Como em tudo, o ser humano desvaloriza o que se torna massificado. Talvez por isso, se desvalorizem as palavras e o que expressam, se vejam imagens mas não se observam e as ocorrências secundarizam-se a menos que, no imediato, nos condicionem. Dado que valores como a educação, o civismo e a intervenção social só apresentam efeitos a médio e longo prazo, numa era de imediatismo são, por isso, considerados obsoletos. Talvez, por isso, o déficit democrático esteja tão alto e a passividade face à conjuntura seja o que se vê. Como certo há apenas a contradição dos tempos e discursos que se sobrepõem dourando uma realidade potencialmente perigosa, porque, se é verdade que as sociedades evoluem em espiral havendo pontos que replicam os anteriores, pode estar a iniciar-se um novo ciclo de contração, não só em termos económicos, mas em valores e de organização social. Os sinais são preocupantes para quem viveu na ditadura e conhece este modelo democrático construído ao longo de quarenta e cinco anos. Nunca como hoje as liberdades e garantias foram tão ameaçadas e os exemplos repetem-se sistemática e continuamente.

Quando nas redes sociais se multiplicava a notícia de que a máquina fiscal tinha ido para as autoestradas cobrar dívidas, pensei que se tratasse de uma fake news. Quando os noticiários fizeram a cobertura, tomei consciência de que algo está a mudar na relação do Estado com o cidadão, sob a batuta da esquerda. Por uma dívida de centenas de euros confiscam-se os meios de trabalho a um pobre, mas, ao mesmo tempo, perdoam-se milhões a quem tem milhares de milhões e nem sequer se questiona a dignidade da pessoa que é exposta na via pública: está dado o primeiro passo para se voltar aos julgamentos e aos açoites na praça pública. Com menos alarido mas a mesma eficiência também a Segurança Social tem mandado cartas com o mesmo objetivo e as mesmas ameaças.

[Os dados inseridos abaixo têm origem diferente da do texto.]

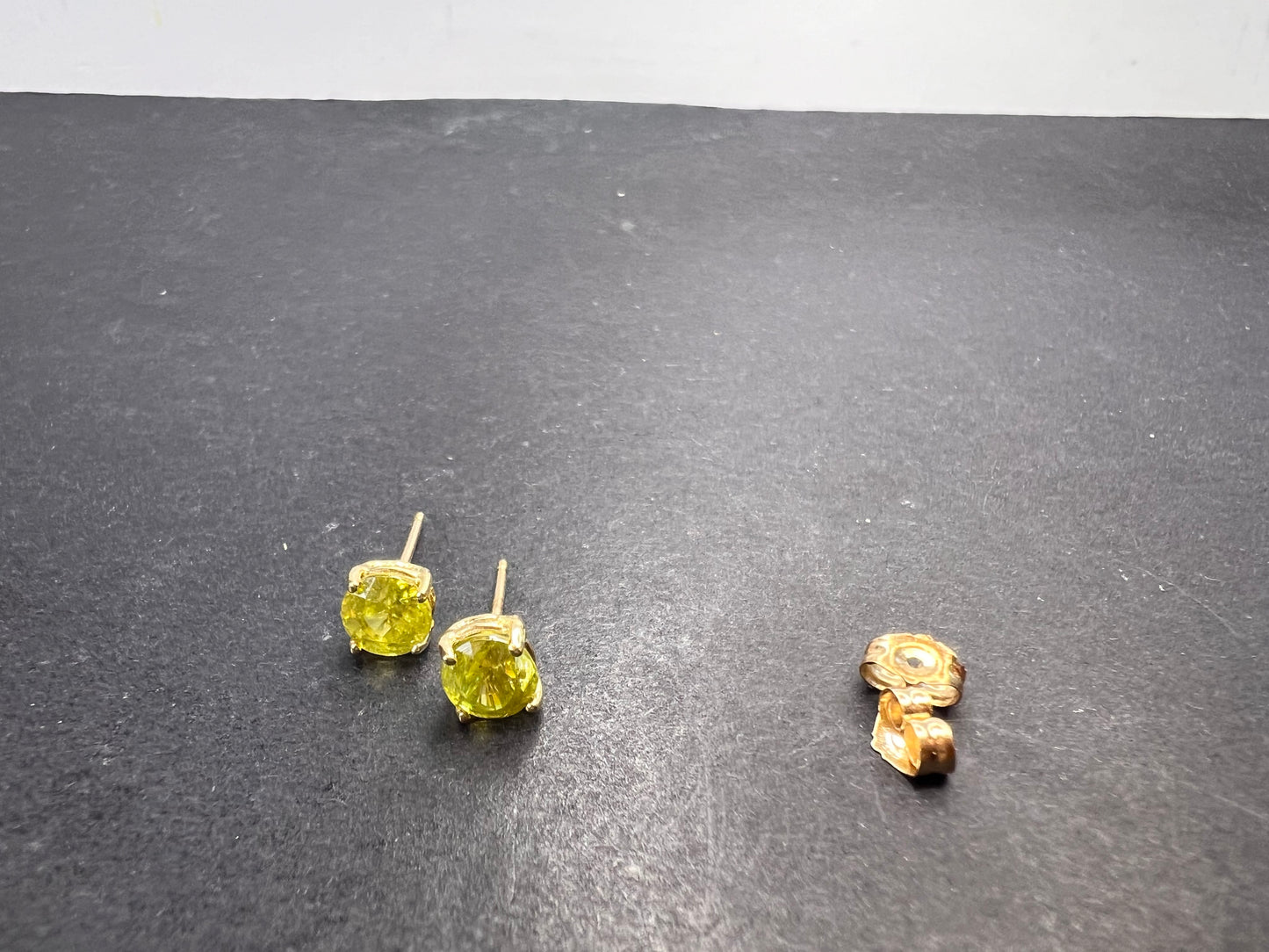 14k yellow gold sava sphene stud earrings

A promiscuidade entre o Estado e os grandes interesses tipifica-se no papel que a Autoridade Tributária exerce na cobrança coerciva das portagens. Sendo as autoestradas concessionadas a particulares, como pode um organismo estatal estar ao serviço de interesses privados? Por outro lado, não gostariam as pequenas e médias empresas de poder aceder ao mesmo mecanismo para arrecadar dividendos que andam meses e anos sem serem cobrados e alguns nunca chegam a ser resolvidos?

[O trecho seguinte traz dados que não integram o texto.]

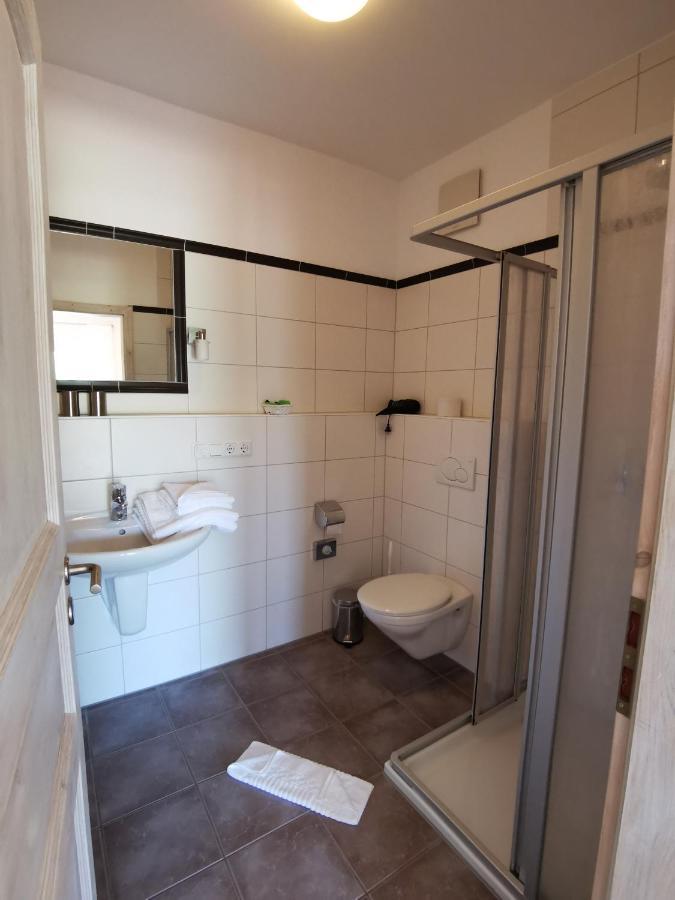 Apartamento Weingut Amlinger&Sohn Neef Exterior foto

Também a sindicância à Ordem dos Enfermeiros, anunciada previamente num jornal nacional, para além de ser caso inédito na democracia, é um sinal claro de que algo está a mudar no panorama nacional e até onde o Estado está disposto a imiscuir-se em campos que até agora tinha respeitado. A sete meses das eleições para a Ordem, esta exposição mediática não será inócua nem as declarações da atual ministra da saúde permitem ver neste enredo um ato irrefletido ou a determinação em averiguar acautelando o princípio das relações institucionais e a presunção da inocência, até prova em contrário.

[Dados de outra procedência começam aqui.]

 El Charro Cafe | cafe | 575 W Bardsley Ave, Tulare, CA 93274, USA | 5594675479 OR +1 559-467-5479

Assim, quando Marcelo considerou haver uma grande probabilidade de a direita entrar em crise profunda nos próximos anos, independentemente das razões subjacentes, e das críticas que se seguiram, mais não fez do que alertar para o fim do multipartidarismo e para a necessidade de se refletir sobre o rumo que a democracia está a seguir em tempos de popularismos e de derivas eleitoralistas, onde começa a ser cada vez menos provável que se possa falar de “partidos do arco do poder”. Na sua crónica de 14 de junho, Vitor Raínho, no jornal Sol, adverte para a vaga proibicionista que está a tomar conta do país, não sem deixar de questionar onde se encontra agora a geração do “é proibido proibir”, o que torna este tema ainda mais relevante e vê sinais de um retrocesso ao Estado Novo e às práticas do mesmo.

Bem podem os Berardos sorrir nas comissões parlamentares, os Espírito Santo fazer vidas de luxo porque nós, povo, continuaremos por aqui deslumbrados com o circo e à espera do pão enquanto permitimos que o ensaio continue até que os grilhões e a mordaça nos sejam colocados.